Vessels intending to call at Misrata in particular are advised to contact port and flag state authorities and local shipping agents for further instructions.

Meanwhile, ships transiting the Mediterranean should remain clear of Libyan waters, the trade association linking national shipowner bodies believes.

The move follows an airstrike of January 5, which killed two seafarers on board the Aegean Shipping Management tanker Araevo (28,610 dwt, built 1991) while alongside at Derna, and a further attack near Benghazi last week.

Incidents such as these highlight what the ICS describes as a significant security concern to ships operating in and near to Libyan waters.

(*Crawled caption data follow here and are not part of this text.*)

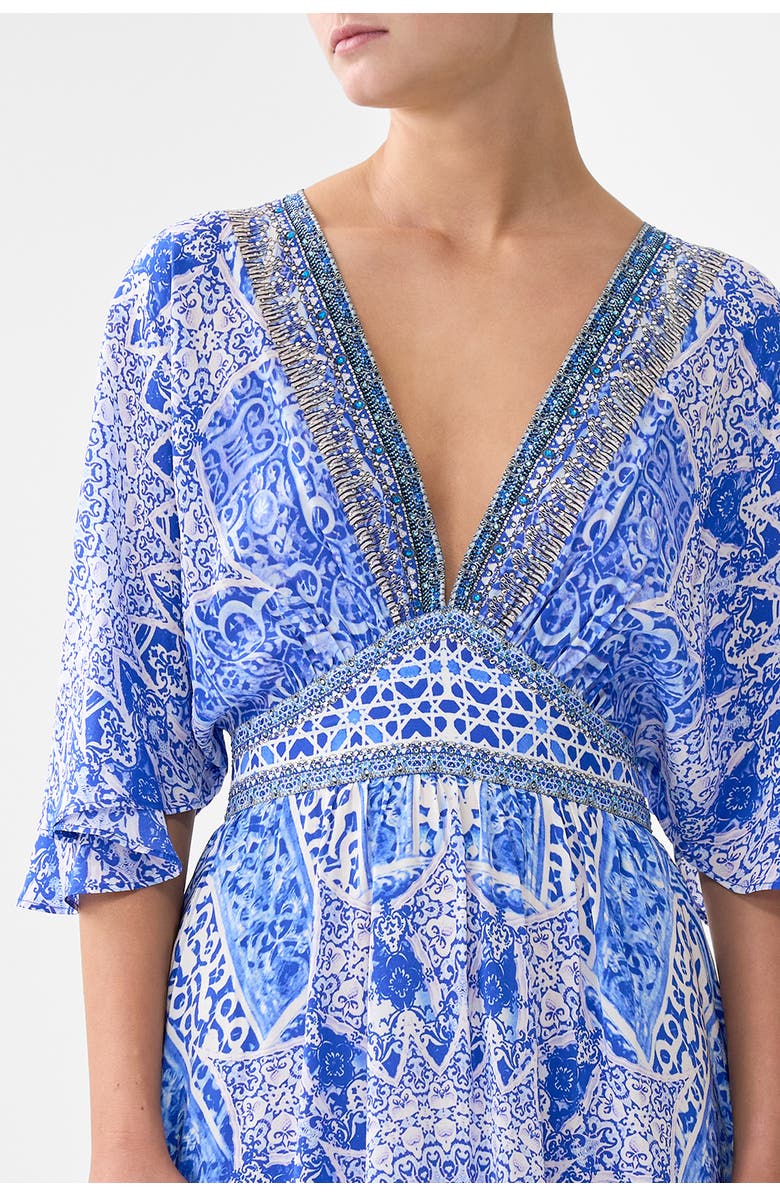 Camilla Waisted Dress With Hem Ruffle, Alternate, color, The Bosphorous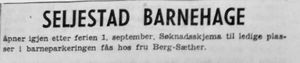 Annonse fra Seljestad barnehage i Harstad Tidende august 1961.jpg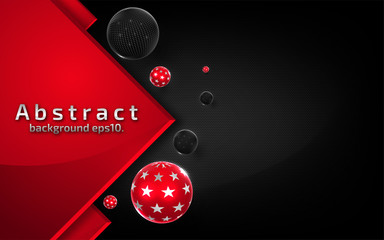 ball 3d abstract modern  background dark black metal steel with luxury VIP and red color with line silver Sparkles glitter and gradient decoration shapes geometric Polished vector , design elements
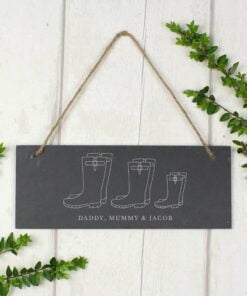 Personalised Welly Boot Family of Three Hanging Slate Plaque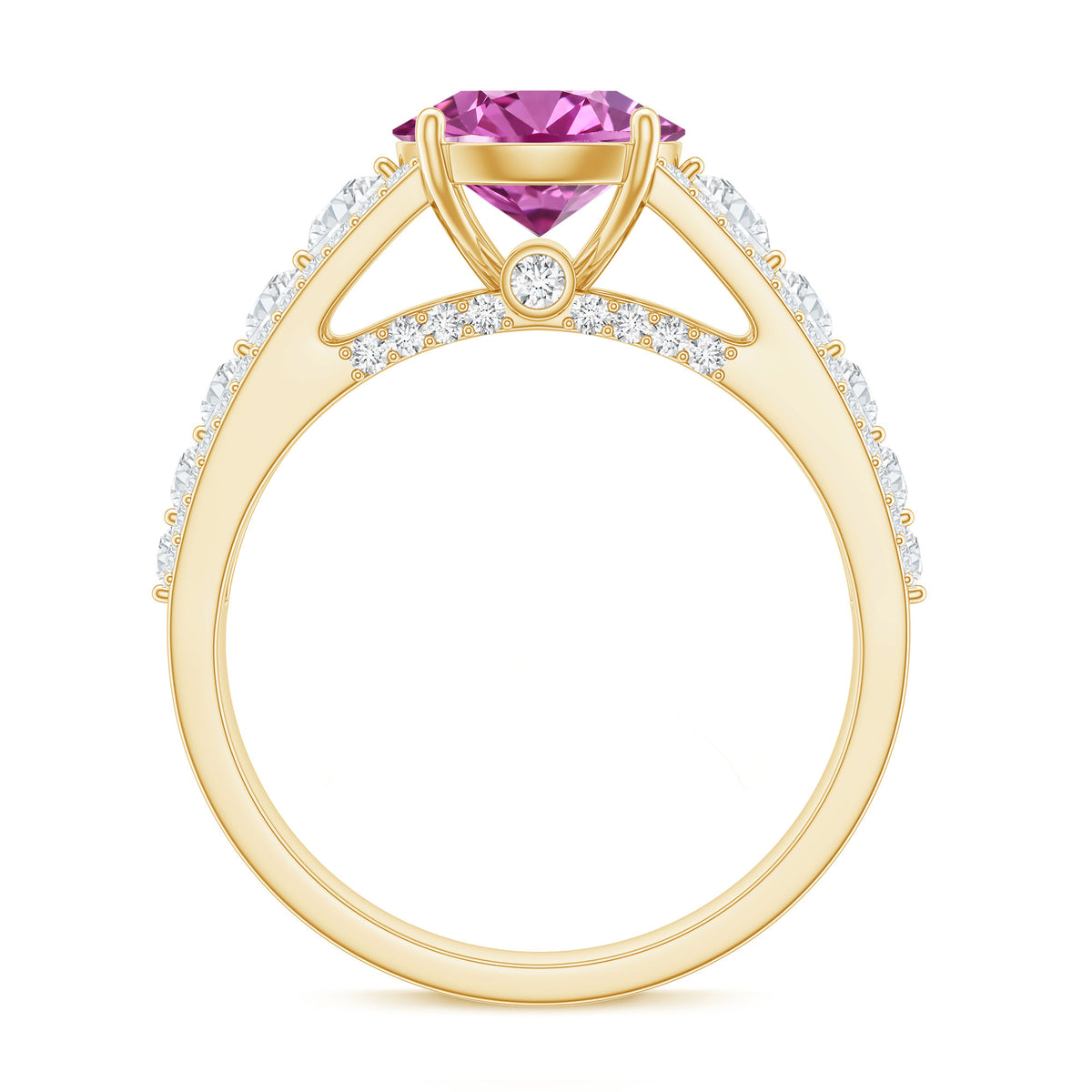Created Pink Sapphire Engagement Ring with Moissanite Side Stones AAAA - Rosec Jewels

There have also been reports that an officer of the Libyan airforce has declared ships calling at the port of Misrata will be targeted by the country’s military aircraft.
“The continued conflict between rival factions in Libya limits the ability of government forces to clearly differentiate between legitimate threats and innocent vessels,” the ICS said.
“Coupled with the presence of armed militant groups in coastal regions, there is an increased risk of commercial ships being attacked.”
Elsewhere, the ICS has also pointed to an increased risk of attacks on merchant traffic in and around the Suez Canal.
The recent hijacking of an Egyptian warship indicates that militants in the Sinai Peninsula are able to operate in the maritime environment and to attack maritime targets.
Along with the rocket attack against the Cosco Asia in 2013, indications are that a threat may exist to commercial shipping in the area.  “As such, the general advice must be to exercise increased caution and maintain vigilance, particularly when ships are waiting in the approaches to the canal,” said the ICS.